Segment Start: SUPPLIED ENTRIES
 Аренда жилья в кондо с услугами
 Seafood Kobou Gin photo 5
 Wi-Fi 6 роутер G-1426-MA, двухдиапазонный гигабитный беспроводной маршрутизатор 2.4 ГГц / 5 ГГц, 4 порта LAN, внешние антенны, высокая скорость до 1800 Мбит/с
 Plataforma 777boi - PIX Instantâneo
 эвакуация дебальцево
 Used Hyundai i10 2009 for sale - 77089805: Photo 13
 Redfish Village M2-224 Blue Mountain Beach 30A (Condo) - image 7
Segment End: SUPPLIED ENTRIES
Segment Start: SUPPLIED ENTRIES
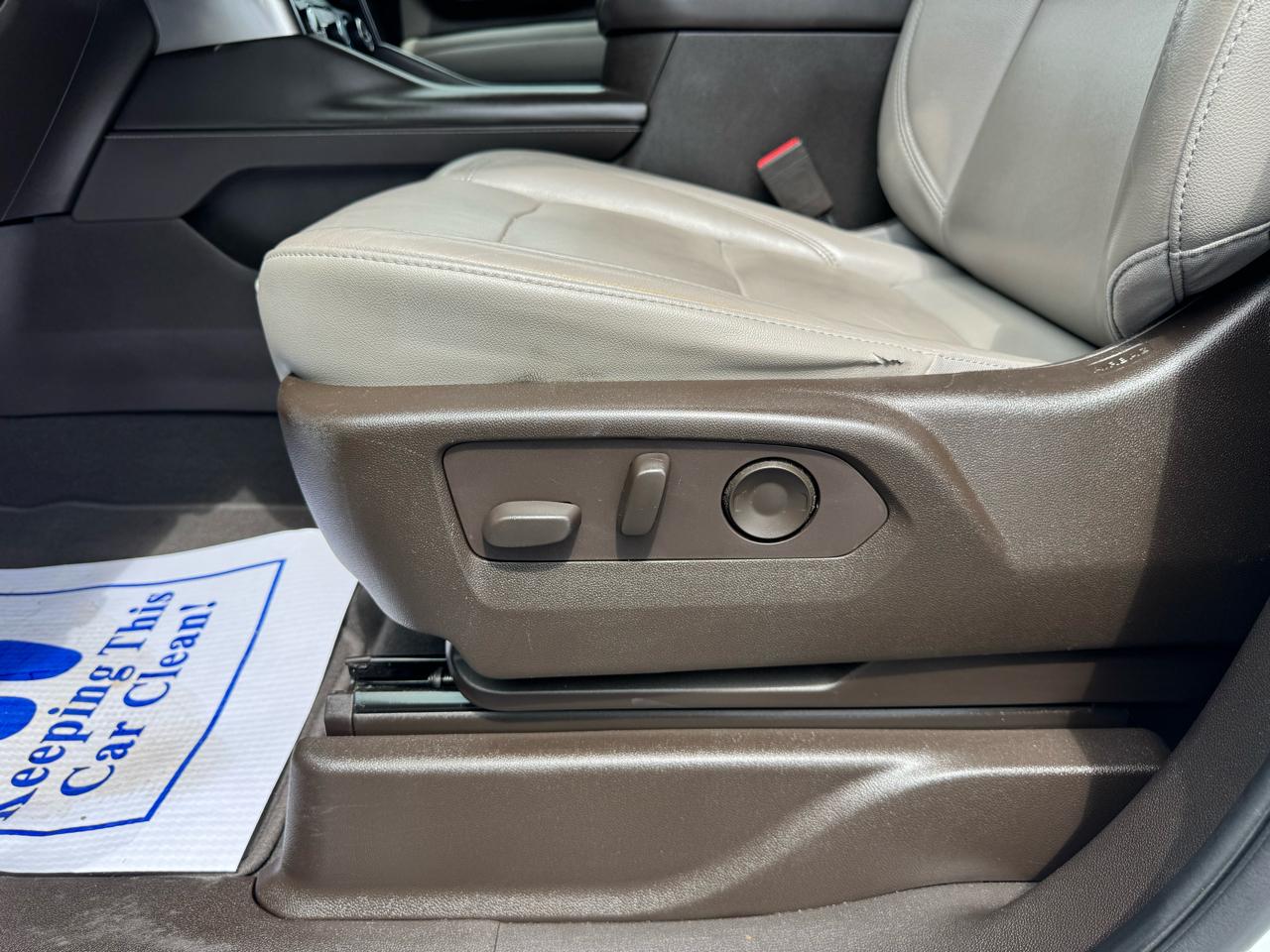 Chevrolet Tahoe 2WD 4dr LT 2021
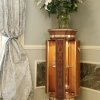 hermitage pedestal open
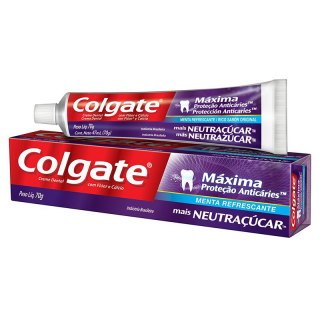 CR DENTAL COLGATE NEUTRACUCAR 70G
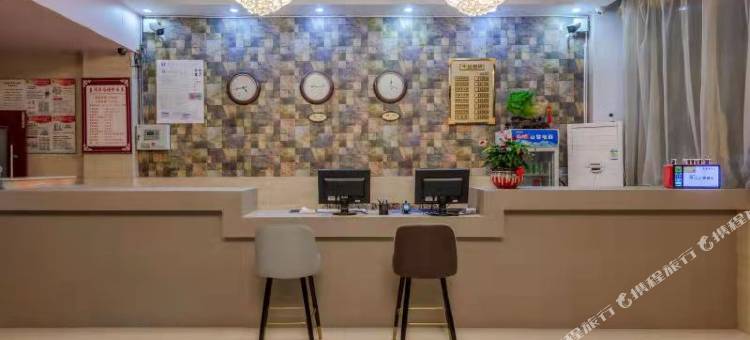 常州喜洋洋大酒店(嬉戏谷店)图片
Segment End: SUPPLIED ENTRIES
Segment Start: SUPPLIED ENTRIES
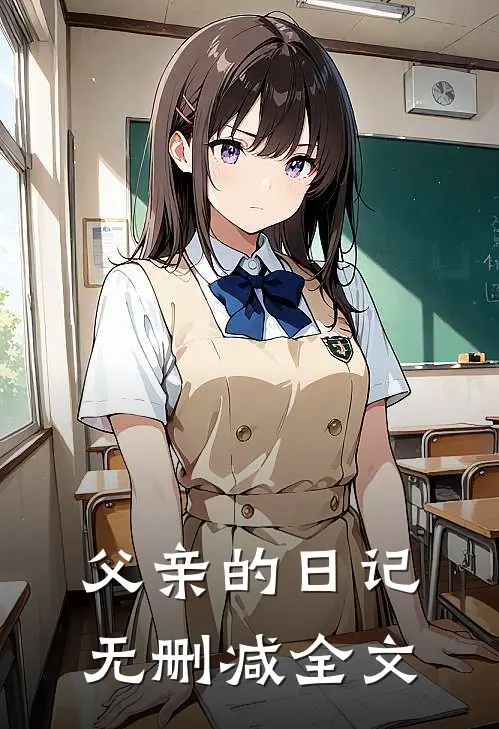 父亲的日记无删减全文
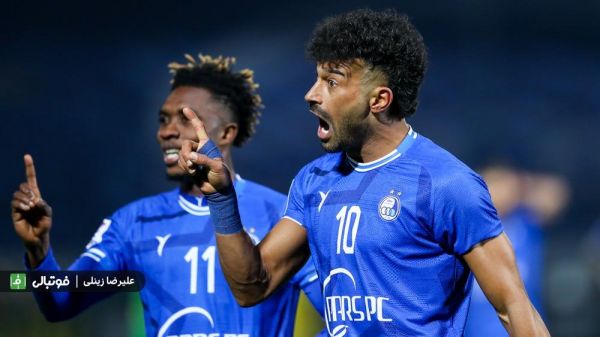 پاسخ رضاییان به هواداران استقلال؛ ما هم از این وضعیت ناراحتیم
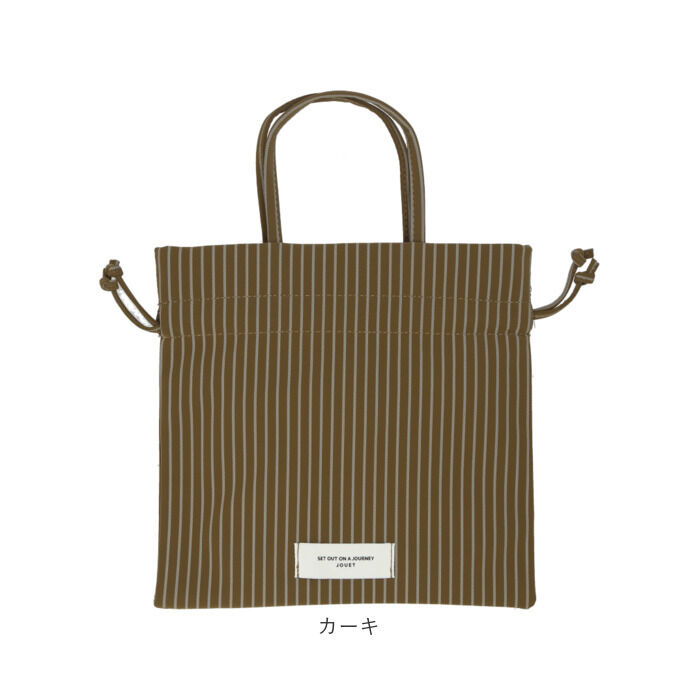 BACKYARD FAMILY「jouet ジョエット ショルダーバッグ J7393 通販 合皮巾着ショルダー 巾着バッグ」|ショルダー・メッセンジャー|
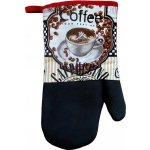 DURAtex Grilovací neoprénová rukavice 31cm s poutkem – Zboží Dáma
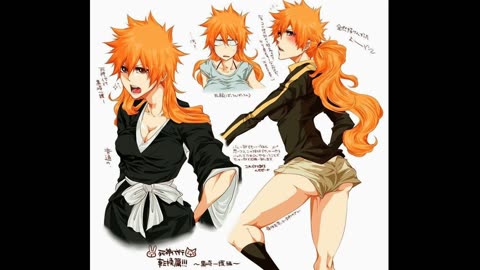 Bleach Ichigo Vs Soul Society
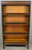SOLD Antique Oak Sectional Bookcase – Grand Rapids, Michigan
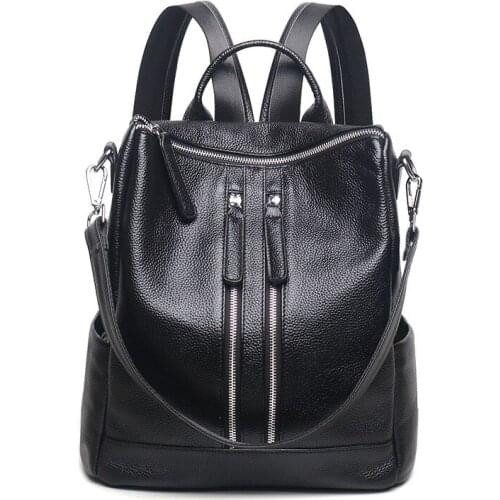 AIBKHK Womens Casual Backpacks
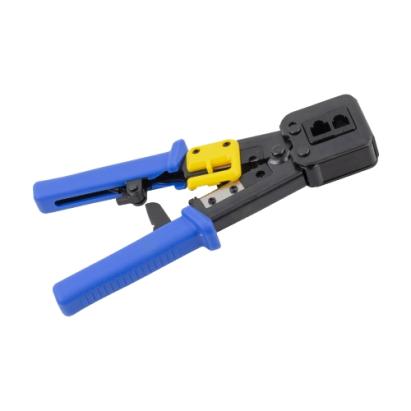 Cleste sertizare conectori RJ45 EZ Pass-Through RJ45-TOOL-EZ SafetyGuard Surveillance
Segment End: SUPPLIED ENTRIES
● EXERCISE
Repeat the entries above verbatim, but only from the line that has "Аренда жилья в кондо с услугами" down to the line that has "Redfish Village M2-224", inclusive.

● RESPONSE BELOW
 Аренда жилья в кондо с услугами
 Seafood Kobou Gin photo 5
 Wi-Fi 6 роутер G-1426-MA, двухдиапазонный гигабитный беспроводной маршрутизатор 2.4 ГГц / 5 ГГц, 4 порта LAN, внешние антенны, высокая скорость до 1800 Мбит/с
 Plataforma 777boi - PIX Instantâneo
 эвакуация дебальцево
 Used Hyundai i10 2009 for sale - 77089805: Photo 13
 Redfish Village M2-224 Blue Mountain Beach 30A (Condo) - image 7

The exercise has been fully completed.